Wednesday, April 27, 2016

How long until Chicago Tribune becomes merely “the newspaper?”

I’m remembering back to an idle conversation I had with one of my colleagues back in the days when I worked for United Press International – we noticed the large number of banks that had merged with one another.
A boast that soon may no longer be possible to make

Would it someday reach the point where only one company would control the industry – and we’d all wind up being consumers at “The Bank?”

I COULDN’T HELP but remember that moment when I learned this week of the fact that Gannett newspapers (the founder of USA Today and gobble up-er of many local papers across the nation) is interested in buying Tribune Publishing.

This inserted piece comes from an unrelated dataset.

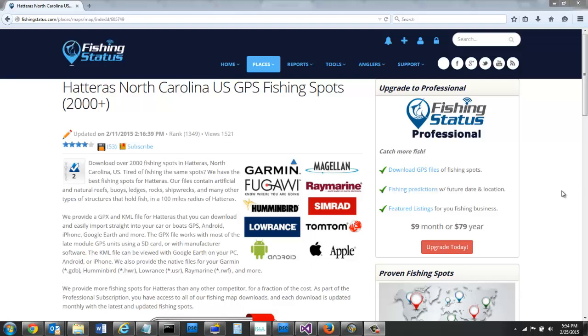In this video, I'm going to show how to import fishing spots into Magellan Vantage Point. I'm on Fishing Status website and I'm on the Hatteras Fishing Spots download page.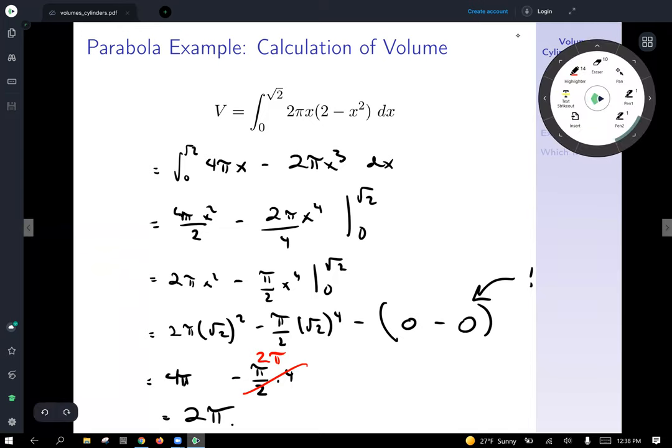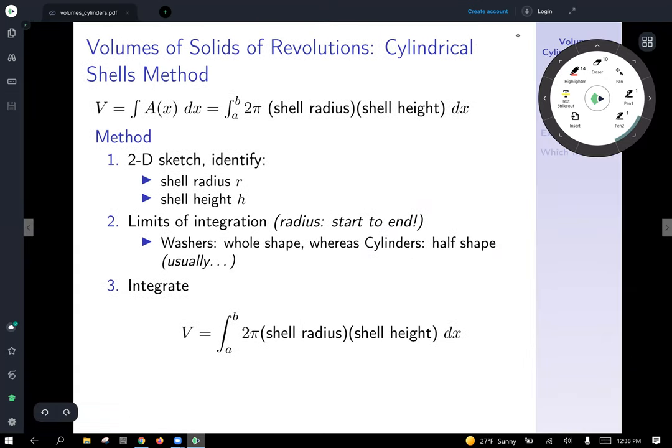Now we've seen a complete example and talked through the process. Let's look at the cylindrical shell method in general — volumes of solids of revolution, cylindrical shell method.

Particularly the Chicago Tribune itself. The newspaper that long-time Gannett boss Al Neuharth praised as one of the nation’s best could someday wind up as a part of the company.

A cog in the overall machine that gives news and information to people across the country. Because I suspect if current ownership tries to resist a sale, stockholders interested only in the financial bottom line will wind up stringing them up outside of Tribune Tower, and dumping their carcasses in the heavily-polluted Chicago River.

Yet the image of a Gannett-owned Chicago Tribune bothers me in particular, even though I realize that modern-day newspapers are nowhere near as individualistic as they were in past generations.

PARTICULARLY WHEN ONE ventures outside of Chicago or metropolitan areas, there is a tendency for the “local” papers to carry the same stories – usually written by the Associated Press (and I don’t want to hear from any current or former AP snobs about how the “t” in ‘the’ is capitalized; the one-time Unipresser in me says “Shove it!”).

Even the larger metros are losing their character and becoming merely bigger (and more costly, which cuts into the financial bottom line) versions of ink-on-paper distribution of information.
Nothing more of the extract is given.